Il pubblico di Capo d’Orlando merita 10 per aver portato alla ribalta nazionale la vicenda del finanziere assassino della povera Lorena, mandato ai domiciliari in una comunità protetta con notizia tenuta segreta per sei mesi per evitare lo sputtanamento.
“Giustizia per Lorena” e “L’ennesima sentenza lo ha dimostrato, per lo Stato uccidere non è reato”. Il popolo paladino conosce pochissimo il Palagiustizia di Messina se non per la Corte d’Appello e la Corte d’Assise.
Scopre che è un porcaio solo quando la giustizia la si rincorre in secondo grado dopo la pronunzia di Patti,tribunale di competenza. Neppure ricorda quel disperato che perse un bimbo in carrozzina e che tentò il suicidio- dalla balaustra interna del tribunale- dopo che il giudice d’appello fissò al 2019 l’udienza risarcitoria contro la Zurich Assicurazioni.

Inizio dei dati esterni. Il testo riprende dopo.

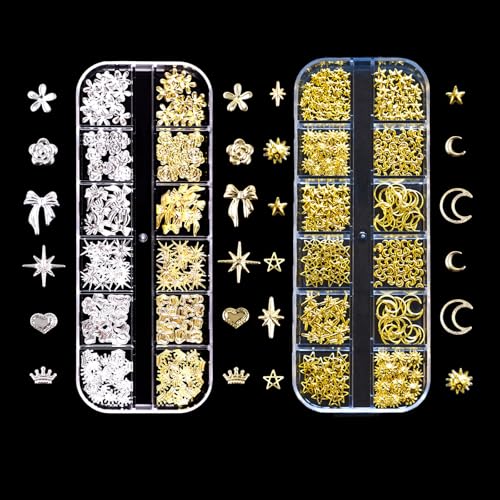 Gold Silber Nagel Charms,2Boxen 24Raster Stern Herz Blumen Schleifen Nägel Charm Nail Studs,Punk Metall Legierung Nagel Edelstein Bogenknot Mond Dekorations Zubehör für Nagel Design DIY Basteln von OTKARXUS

Ovviamente, non sa di un presidente di Corte d’Appello che tentò di sfuggire a un pappa a Maregrosso e finì in quel monumento all’illegalità che era ed è l’ospedale Piemonte: bene, l’episodio è stato intestato a un giovane romeno, il verbale del 118 è stato mangiato da un topo e l’intervento operatorio sul giudice, oggi pensionato di lusso, non è rintracciabile perché “azzerato” dai computer del Piemonte.
E ci sarebbero centinaia e centinaia di episodi etichettabili come applicazione del codice peloritano, alternativa a quello vigente in Italia. Adesso tocca a Capo d’Orlando tener vivo il ricordo di Lorena. E, magari, anche a Pina Cassaniti Mastrojeni, presidentessa dell’Associazione Familiari Vittime della Strada.